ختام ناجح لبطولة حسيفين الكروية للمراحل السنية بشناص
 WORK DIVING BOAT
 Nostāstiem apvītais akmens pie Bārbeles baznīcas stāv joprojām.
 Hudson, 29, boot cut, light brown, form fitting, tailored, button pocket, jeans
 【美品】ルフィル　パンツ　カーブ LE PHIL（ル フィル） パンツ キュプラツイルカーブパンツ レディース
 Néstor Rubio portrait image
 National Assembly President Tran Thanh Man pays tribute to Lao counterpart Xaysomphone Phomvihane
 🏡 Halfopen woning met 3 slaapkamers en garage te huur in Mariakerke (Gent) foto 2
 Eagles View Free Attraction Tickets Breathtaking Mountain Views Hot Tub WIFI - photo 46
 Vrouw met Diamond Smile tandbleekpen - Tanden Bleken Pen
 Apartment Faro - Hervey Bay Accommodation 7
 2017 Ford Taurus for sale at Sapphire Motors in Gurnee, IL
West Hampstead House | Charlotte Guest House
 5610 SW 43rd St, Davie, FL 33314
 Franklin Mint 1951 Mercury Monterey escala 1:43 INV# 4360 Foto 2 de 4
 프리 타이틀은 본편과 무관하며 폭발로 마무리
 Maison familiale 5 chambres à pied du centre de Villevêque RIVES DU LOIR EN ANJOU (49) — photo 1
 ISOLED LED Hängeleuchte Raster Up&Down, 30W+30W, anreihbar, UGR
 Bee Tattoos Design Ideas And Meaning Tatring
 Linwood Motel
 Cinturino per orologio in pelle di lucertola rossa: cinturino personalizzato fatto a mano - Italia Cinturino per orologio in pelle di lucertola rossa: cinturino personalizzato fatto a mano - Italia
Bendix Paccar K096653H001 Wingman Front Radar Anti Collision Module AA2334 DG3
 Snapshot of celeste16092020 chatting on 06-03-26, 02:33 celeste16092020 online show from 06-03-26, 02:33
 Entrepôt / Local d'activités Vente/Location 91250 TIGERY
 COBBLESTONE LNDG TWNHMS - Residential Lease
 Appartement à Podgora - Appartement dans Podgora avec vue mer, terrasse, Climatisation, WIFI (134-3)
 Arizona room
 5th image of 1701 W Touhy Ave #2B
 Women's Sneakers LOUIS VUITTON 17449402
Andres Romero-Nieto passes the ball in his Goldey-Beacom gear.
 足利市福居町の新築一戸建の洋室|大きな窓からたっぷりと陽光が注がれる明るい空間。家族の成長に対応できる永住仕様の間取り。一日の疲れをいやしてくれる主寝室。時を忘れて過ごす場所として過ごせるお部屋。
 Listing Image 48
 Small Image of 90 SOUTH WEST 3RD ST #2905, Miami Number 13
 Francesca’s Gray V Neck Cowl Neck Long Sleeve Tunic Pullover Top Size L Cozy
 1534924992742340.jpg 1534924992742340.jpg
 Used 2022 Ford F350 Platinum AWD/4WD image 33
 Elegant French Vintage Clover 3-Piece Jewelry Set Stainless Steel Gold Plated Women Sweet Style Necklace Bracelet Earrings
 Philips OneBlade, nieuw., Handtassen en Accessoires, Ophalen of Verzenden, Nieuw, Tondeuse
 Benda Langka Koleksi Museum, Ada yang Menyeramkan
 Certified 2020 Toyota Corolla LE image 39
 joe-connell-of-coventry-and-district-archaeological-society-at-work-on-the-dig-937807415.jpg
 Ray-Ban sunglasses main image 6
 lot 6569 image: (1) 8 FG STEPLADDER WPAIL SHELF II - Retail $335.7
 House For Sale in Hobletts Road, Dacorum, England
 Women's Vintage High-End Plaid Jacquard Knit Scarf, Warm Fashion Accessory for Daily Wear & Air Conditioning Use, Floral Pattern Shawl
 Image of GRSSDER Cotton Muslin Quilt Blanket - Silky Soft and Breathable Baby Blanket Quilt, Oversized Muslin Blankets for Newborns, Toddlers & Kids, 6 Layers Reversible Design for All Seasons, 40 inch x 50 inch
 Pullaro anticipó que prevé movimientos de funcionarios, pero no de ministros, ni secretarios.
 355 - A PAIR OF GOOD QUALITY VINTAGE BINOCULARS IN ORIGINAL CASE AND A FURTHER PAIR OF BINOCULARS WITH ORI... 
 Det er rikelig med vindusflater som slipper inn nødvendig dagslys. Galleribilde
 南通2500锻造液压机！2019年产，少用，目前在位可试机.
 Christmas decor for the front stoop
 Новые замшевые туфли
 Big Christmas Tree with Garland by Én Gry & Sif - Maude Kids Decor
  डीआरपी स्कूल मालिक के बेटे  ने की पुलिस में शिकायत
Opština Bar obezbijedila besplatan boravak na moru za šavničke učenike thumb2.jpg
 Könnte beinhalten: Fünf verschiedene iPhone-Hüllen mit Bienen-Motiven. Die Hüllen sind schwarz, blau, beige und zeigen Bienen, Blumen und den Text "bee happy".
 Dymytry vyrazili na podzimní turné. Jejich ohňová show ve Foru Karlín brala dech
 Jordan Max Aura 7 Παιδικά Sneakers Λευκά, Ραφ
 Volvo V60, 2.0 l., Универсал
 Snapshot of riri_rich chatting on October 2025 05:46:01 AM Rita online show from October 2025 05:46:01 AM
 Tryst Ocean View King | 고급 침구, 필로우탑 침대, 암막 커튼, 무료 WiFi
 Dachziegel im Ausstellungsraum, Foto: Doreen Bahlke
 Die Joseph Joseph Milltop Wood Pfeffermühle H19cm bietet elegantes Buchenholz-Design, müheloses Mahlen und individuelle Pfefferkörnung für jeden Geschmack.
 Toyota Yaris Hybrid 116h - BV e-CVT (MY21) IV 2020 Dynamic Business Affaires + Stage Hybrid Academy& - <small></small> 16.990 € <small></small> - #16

Your assignment
Repeat the whole listing above without any change.

Your response
ختام ناجح لبطولة حسيفين الكروية للمراحل السنية بشناص
 WORK DIVING BOAT
 Nostāstiem apvītais akmens pie Bārbeles baznīcas stāv joprojām.
 Hudson, 29, boot cut, light brown, form fitting, tailored, button pocket, jeans
 【美品】ルフィル　パンツ　カーブ LE PHIL（ル フィル） パンツ キュプラツイルカーブパンツ レディース
 Néstor Rubio portrait image
 National Assembly President Tran Thanh Man pays tribute to Lao counterpart Xaysomphone Phomvihane
 🏡 Halfopen woning met 3 slaapkamers en garage te huur in Mariakerke (Gent) foto 2
 Eagles View Free Attraction Tickets Breathtaking Mountain Views Hot Tub WIFI - photo 46
 Vrouw met Diamond Smile tandbleekpen - Tanden Bleken Pen
 Apartment Faro - Hervey Bay Accommodation 7
 2017 Ford Taurus for sale at Sapphire Motors in Gurnee, IL
West Hampstead House | Charlotte Guest House
 5610 SW 43rd St, Davie, FL 33314
 Franklin Mint 1951 Mercury Monterey escala 1:43 INV# 4360 Foto 2 de 4
 프리 타이틀은 본편과 무관하며 폭발로 마무리
 Maison familiale 5 chambres à pied du centre de Villevêque RIVES DU LOIR EN ANJOU (49) — photo 1
 ISOLED LED Hängeleuchte Raster Up&Down, 30W+30W, anreihbar, UGR
 Bee Tattoos Design Ideas And Meaning Tatring
 Linwood Motel
 Cinturino per orologio in pelle di lucertola rossa: cinturino personalizzato fatto a mano - Italia Cinturino per orologio in pelle di lucertola rossa: cinturino personalizzato fatto a mano - Italia
Bendix Paccar K096653H001 Wingman Front Radar Anti Collision Module AA2334 DG3
 Snapshot of celeste16092020 chatting on 06-03-26, 02:33 celeste16092020 online show from 06-03-26, 02:33
 Entrepôt / Local d'activités Vente/Location 91250 TIGERY
 COBBLESTONE LNDG TWNHMS - Residential Lease
 Appartement à Podgora - Appartement dans Podgora avec vue mer, terrasse, Climatisation, WIFI (134-3)
 Arizona room
 5th image of 1701 W Touhy Ave #2B
 Women's Sneakers LOUIS VUITTON 17449402
Andres Romero-Nieto passes the ball in his Goldey-Beacom gear.
 足利市福居町の新築一戸建の洋室|大きな窓からたっぷりと陽光が注がれる明るい空間。家族の成長に対応できる永住仕様の間取り。一日の疲れをいやしてくれる主寝室。時を忘れて過ごす場所として過ごせるお部屋。
 Listing Image 48
 Small Image of 90 SOUTH WEST 3RD ST #2905, Miami Number 13
 Francesca’s Gray V Neck Cowl Neck Long Sleeve Tunic Pullover Top Size L Cozy
 1534924992742340.jpg 1534924992742340.jpg
 Used 2022 Ford F350 Platinum AWD/4WD image 33
 Elegant French Vintage Clover 3-Piece Jewelry Set Stainless Steel Gold Plated Women Sweet Style Necklace Bracelet Earrings
 Philips OneBlade, nieuw., Handtassen en Accessoires, Ophalen of Verzenden, Nieuw, Tondeuse
 Benda Langka Koleksi Museum, Ada yang Menyeramkan
 Certified 2020 Toyota Corolla LE image 39
 joe-connell-of-coventry-and-district-archaeological-society-at-work-on-the-dig-937807415.jpg
 Ray-Ban sunglasses main image 6
 lot 6569 image: (1) 8 FG STEPLADDER WPAIL SHELF II - Retail $335.7
 House For Sale in Hobletts Road, Dacorum, England
 Women's Vintage High-End Plaid Jacquard Knit Scarf, Warm Fashion Accessory for Daily Wear & Air Conditioning Use, Floral Pattern Shawl
 Image of GRSSDER Cotton Muslin Quilt Blanket - Silky Soft and Breathable Baby Blanket Quilt, Oversized Muslin Blankets for Newborns, Toddlers & Kids, 6 Layers Reversible Design for All Seasons, 40 inch x 50 inch
 Pullaro anticipó que prevé movimientos de funcionarios, pero no de ministros, ni secretarios.
 355 - A PAIR OF GOOD QUALITY VINTAGE BINOCULARS IN ORIGINAL CASE AND A FURTHER PAIR OF BINOCULARS WITH ORI... 
 Det er rikelig med vindusflater som slipper inn nødvendig dagslys. Galleribilde
 南通2500锻造液压机！2019年产，少用，目前在位可试机.
 Christmas decor for the front stoop
 Новые замшевые туфли
 Big Christmas Tree with Garland by Én Gry & Sif - Maude Kids Decor
  डीआरपी स्कूल मालिक के बेटे  ने की पुलिस में शिकायत
Opština Bar obezbijedila besplatan boravak na moru za šavničke učenike thumb2.jpg
 Könnte beinhalten: Fünf verschiedene iPhone-Hüllen mit Bienen-Motiven. Die Hüllen sind schwarz, blau, beige und zeigen Bienen, Blumen und den Text "bee happy".
 Dymytry vyrazili na podzimní turné. Jejich ohňová show ve Foru Karlín brala dech
 Jordan Max Aura 7 Παιδικά Sneakers Λευκά, Ραφ
 Volvo V60, 2.0 l., Универсал
 Snapshot of riri_rich chatting on October 2025 05:46:01 AM Rita online show from October 2025 05:46:01 AM
 Tryst Ocean View King | 고급 침구, 필로우탑 침대, 암막 커튼, 무료 WiFi
 Dachziegel im Ausstellungsraum, Foto: Doreen Bahlke
 Die Joseph Joseph Milltop Wood Pfeffermühle H19cm bietet elegantes Buchenholz-Design, müheloses Mahlen und individuelle Pfefferkörnung für jeden Geschmack.
 Toyota Yaris Hybrid 116h - BV e-CVT (MY21) IV 2020 Dynamic Business Affaires + Stage Hybrid Academy& - <small></small> 16.990 € <small></small> - #16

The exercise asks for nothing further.